▼▼▼

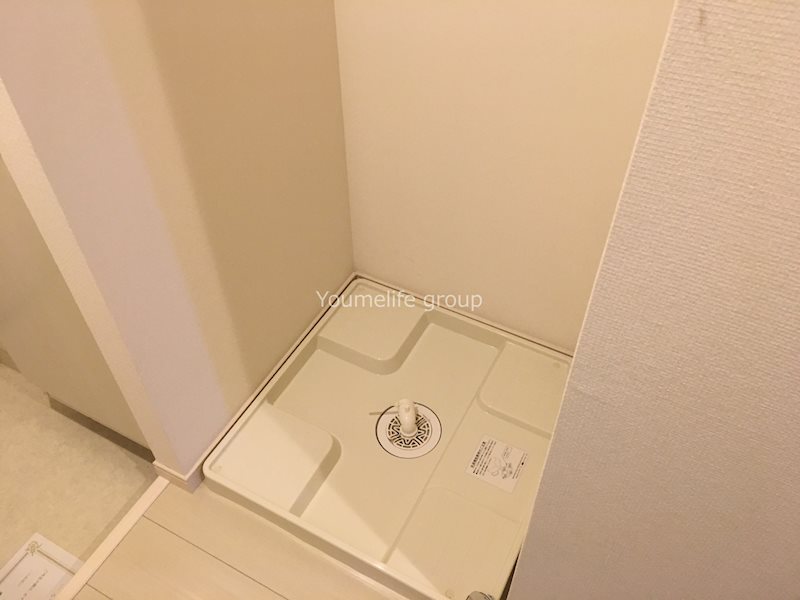 リブリ・大船Ⅲ その他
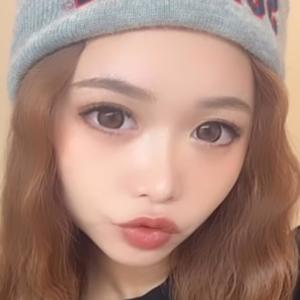 のりちゃんのプロフィール画像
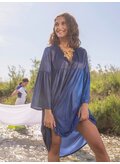 ROMADE x Michaela Turanská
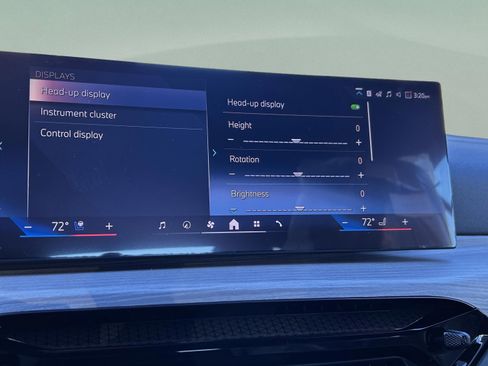 New 2026 BMW 430i Convertible w/ M Sport Package image 16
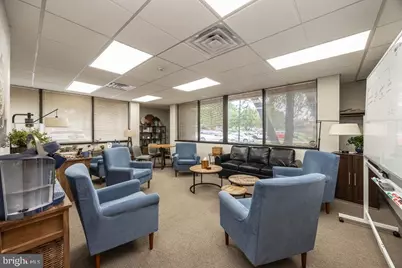 728 Springdale Drive, Exton, PA 19341 - Photo 2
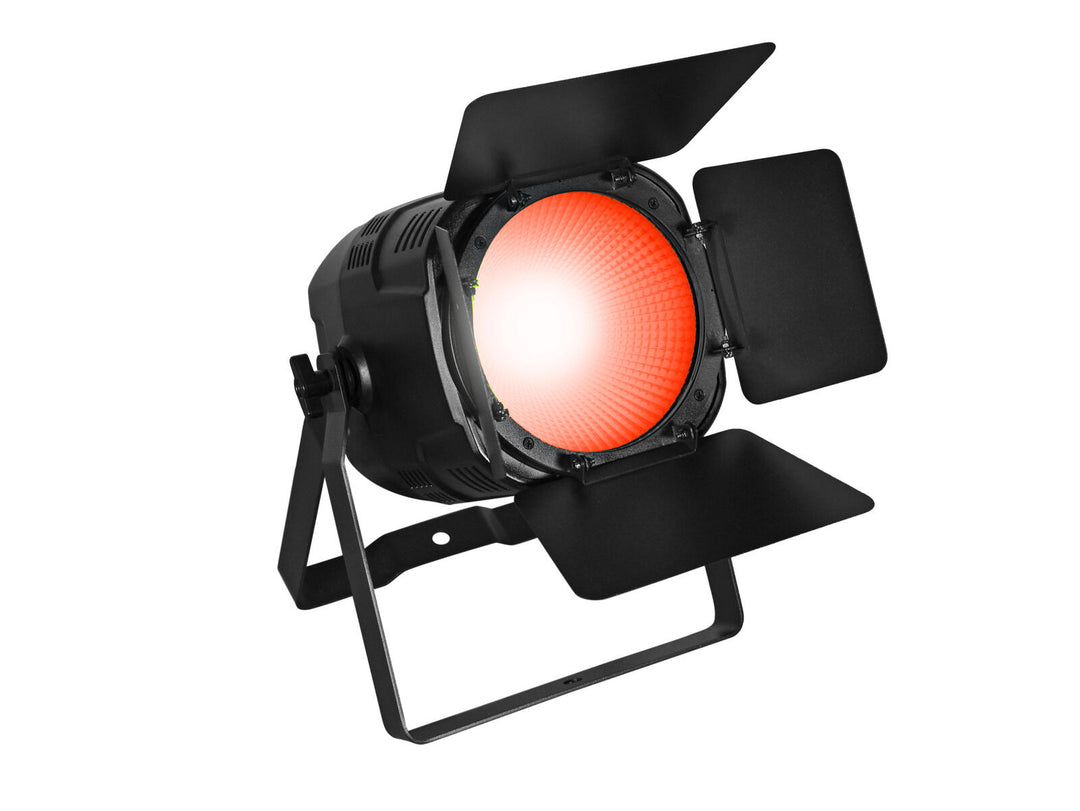 EUROLITE LED Theater COB 100 RGB+WW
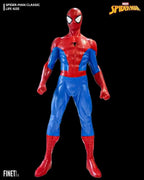 SPIDER-MAN -LIFE SIZE -  Statue classic taille réelle 1/1 magasin présentoir cinéma-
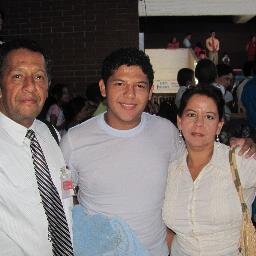 fotografo_guill's profile picture. 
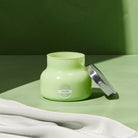 Volcano Matcha Signature Jar, 19 oz-How Cute is That? Boutique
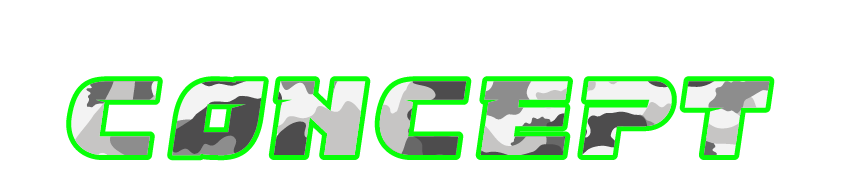 Concept_Logo-w-cat-tex-01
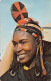 MALI Ex Soudan Français  Femme Sonrhaï Du Cercle De TOMBOUCTOU Coiffe En Cimier Non Circulé  (Scan R/V) N° 34 \MP7167 - Mali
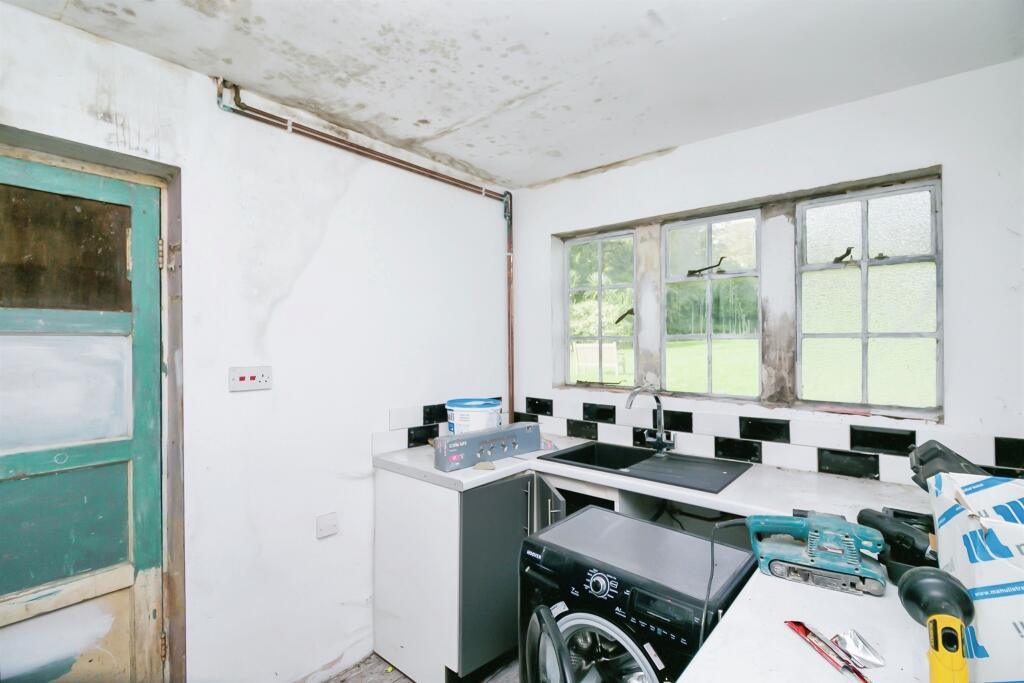 Additional image 11 of Heol St. Cattwg, Pendoylan, Cowbridge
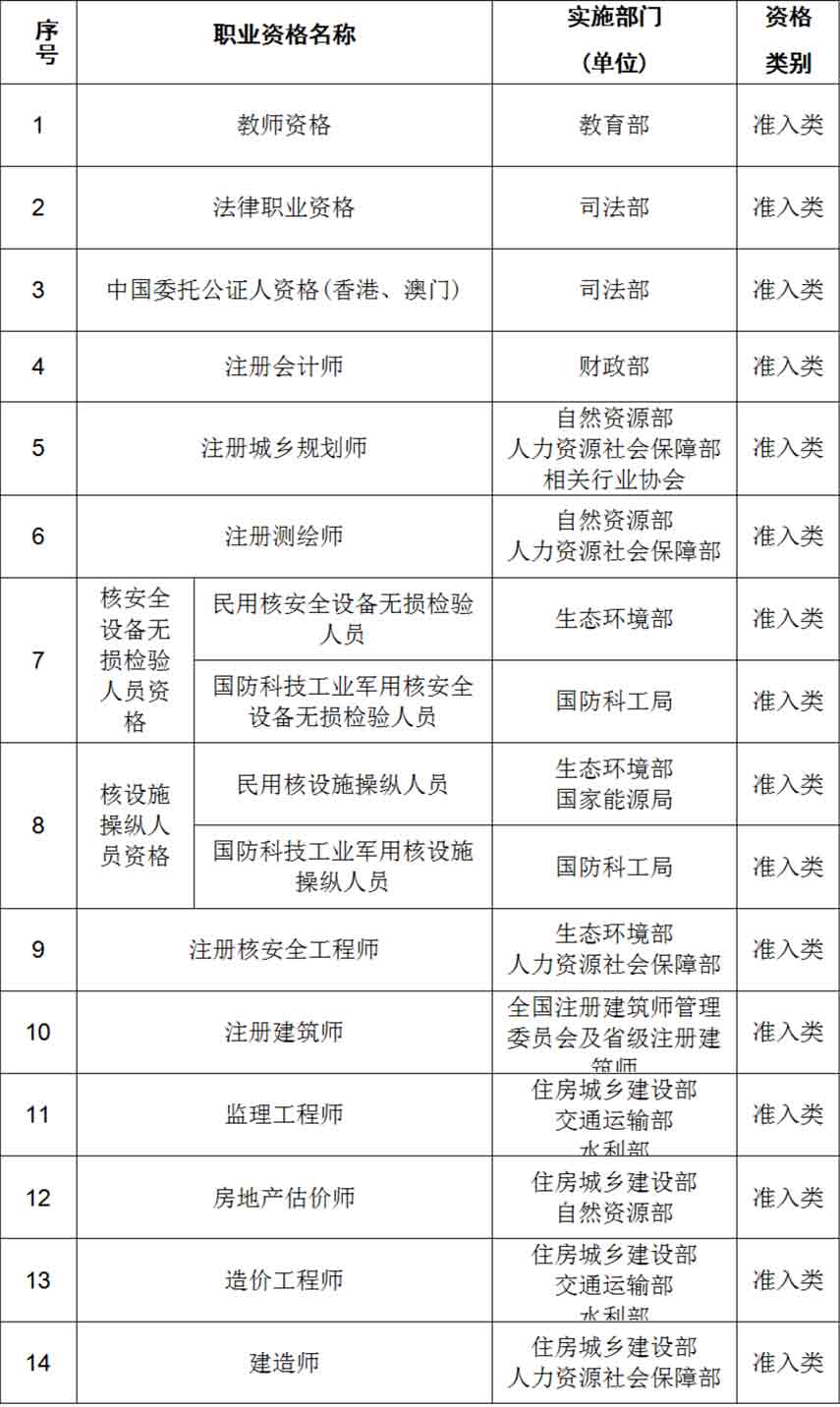 1693208051141436.jpg 640-(3)_18.jpg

▲▲▲

*Instructions to follow*. Please keep every line of the data the same when you reproduce it, and keep every picture out.

*Exercise solution*.
 リブリ・大船Ⅲ その他
 のりちゃんのプロフィール画像
 ROMADE x Michaela Turanská
 New 2026 BMW 430i Convertible w/ M Sport Package image 16
 728 Springdale Drive, Exton, PA 19341 - Photo 2
 EUROLITE LED Theater COB 100 RGB+WW
 SPIDER-MAN -LIFE SIZE -  Statue classic taille réelle 1/1 magasin présentoir cinéma-
 fotografo_guill's profile picture. 
 Volcano Matcha Signature Jar, 19 oz-How Cute is That? Boutique
 Concept_Logo-w-cat-tex-01
 MALI Ex Soudan Français  Femme Sonrhaï Du Cercle De TOMBOUCTOU Coiffe En Cimier Non Circulé  (Scan R/V) N° 34 \MP7167 - Mali
 Additional image 11 of Heol St. Cattwg, Pendoylan, Cowbridge
 1693208051141436.jpg 640-(3)_18.jpg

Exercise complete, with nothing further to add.